You can only use GL5 if it states that it is "safe for yellow metals." If it doesn't say that, don't use it. There are several options for GL4 gear oil. Sta-Lube (made by CRC) has 85W90 GL4 gear oil in one gallon jugs; you can get it on Amazon if you can't find it at your local auto parts store. It's expensive, but Red Line and Amsoil make synthetic GL4 75W90 gear oil that is sold in quarts and gallon containers (see links below). The problem with most GL5 gear oils is that they contain sulfur, which can damage the brass synchronizers inside the transmission. 
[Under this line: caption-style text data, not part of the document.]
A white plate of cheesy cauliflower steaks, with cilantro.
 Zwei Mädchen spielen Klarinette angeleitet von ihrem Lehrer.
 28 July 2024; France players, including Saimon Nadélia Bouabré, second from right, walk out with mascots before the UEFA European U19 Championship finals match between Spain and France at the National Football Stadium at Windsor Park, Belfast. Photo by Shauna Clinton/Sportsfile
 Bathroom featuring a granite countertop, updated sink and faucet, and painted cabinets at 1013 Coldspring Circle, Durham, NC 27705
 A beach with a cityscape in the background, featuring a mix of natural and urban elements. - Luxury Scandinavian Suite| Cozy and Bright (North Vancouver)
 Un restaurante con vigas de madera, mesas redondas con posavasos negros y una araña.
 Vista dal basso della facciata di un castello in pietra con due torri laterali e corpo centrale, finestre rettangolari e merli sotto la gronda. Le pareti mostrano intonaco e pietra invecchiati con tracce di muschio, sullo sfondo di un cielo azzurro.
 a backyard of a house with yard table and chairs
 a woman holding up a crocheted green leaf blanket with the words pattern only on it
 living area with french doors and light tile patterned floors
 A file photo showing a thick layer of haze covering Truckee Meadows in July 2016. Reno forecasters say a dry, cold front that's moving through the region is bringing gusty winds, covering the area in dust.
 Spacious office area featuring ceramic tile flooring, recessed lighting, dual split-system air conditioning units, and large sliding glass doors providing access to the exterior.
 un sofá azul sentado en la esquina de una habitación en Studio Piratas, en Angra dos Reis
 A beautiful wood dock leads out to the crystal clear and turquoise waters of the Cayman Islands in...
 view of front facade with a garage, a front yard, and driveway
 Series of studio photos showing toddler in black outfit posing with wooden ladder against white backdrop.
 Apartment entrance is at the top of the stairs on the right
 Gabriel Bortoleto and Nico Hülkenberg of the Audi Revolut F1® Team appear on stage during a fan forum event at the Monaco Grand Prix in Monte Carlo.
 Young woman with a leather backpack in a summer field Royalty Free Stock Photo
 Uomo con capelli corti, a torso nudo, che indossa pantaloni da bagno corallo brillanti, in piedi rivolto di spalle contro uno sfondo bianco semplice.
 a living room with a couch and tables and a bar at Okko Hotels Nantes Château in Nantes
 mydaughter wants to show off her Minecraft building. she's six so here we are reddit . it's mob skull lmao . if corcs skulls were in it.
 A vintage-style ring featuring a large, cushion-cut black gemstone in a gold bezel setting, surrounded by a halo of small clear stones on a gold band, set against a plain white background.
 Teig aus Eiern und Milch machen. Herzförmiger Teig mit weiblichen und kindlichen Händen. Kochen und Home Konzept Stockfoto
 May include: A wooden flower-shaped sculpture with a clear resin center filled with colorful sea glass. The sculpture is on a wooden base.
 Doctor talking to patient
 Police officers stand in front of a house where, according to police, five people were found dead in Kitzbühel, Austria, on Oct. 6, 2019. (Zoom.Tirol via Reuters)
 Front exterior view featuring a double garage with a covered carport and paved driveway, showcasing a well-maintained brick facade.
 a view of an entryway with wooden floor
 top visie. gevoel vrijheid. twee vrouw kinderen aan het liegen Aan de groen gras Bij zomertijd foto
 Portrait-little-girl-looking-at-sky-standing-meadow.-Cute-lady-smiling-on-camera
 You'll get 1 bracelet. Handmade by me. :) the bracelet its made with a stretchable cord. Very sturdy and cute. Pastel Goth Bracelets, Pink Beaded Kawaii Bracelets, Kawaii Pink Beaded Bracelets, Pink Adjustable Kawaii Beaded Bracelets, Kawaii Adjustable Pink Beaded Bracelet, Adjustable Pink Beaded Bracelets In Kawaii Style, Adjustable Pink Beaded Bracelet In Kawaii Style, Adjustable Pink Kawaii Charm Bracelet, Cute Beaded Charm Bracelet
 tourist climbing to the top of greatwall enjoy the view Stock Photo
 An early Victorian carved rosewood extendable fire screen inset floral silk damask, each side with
https://www.redlineoil.com/product.aspx?pid=46

AMSOIL Manual Transmission & Transaxle Gear Lube 75W-90


----------



## Scarecrow1 (Sep 3, 2016)

Thanks for your expert advice! I bought Brad Penn 023-7729 80W-90 GL4 Gear Lube - 1 Quart, (Case of 12) on Amazon 
(https://www.amazon.com/gp/product/B009I9CAJS/ref=oh_aui_detailpage_o00_s00?ie=UTF8&psc=1). It was $65 for a case of 12 quarts.

Follow-Up Question: 
What is your opinion of adding Bardahl 3119 Gear Oil Additive Plus Stop Leak (https://www.amazon.com/Bardahl-3119...3_4?ie=UTF8&psc=1&refRID=DMG73QPDMEN7NG84HVYN) to try to seal a very, very small manual transmission leak? 

I was also considering ATP AT-205 Re-Seal (https://www.amazon.com/gp/product/B000NVW1LM/ref=oh_aui_detailpage_o01_s00?ie=UTF8&psc=1), but then I read some scary reviews by some people who wrote that it made their leaks much worse.

Thanks for your help!

(The car is old but runs well, and I'm just trying to keep it alive for about another year before I donate it to a charity.)


----------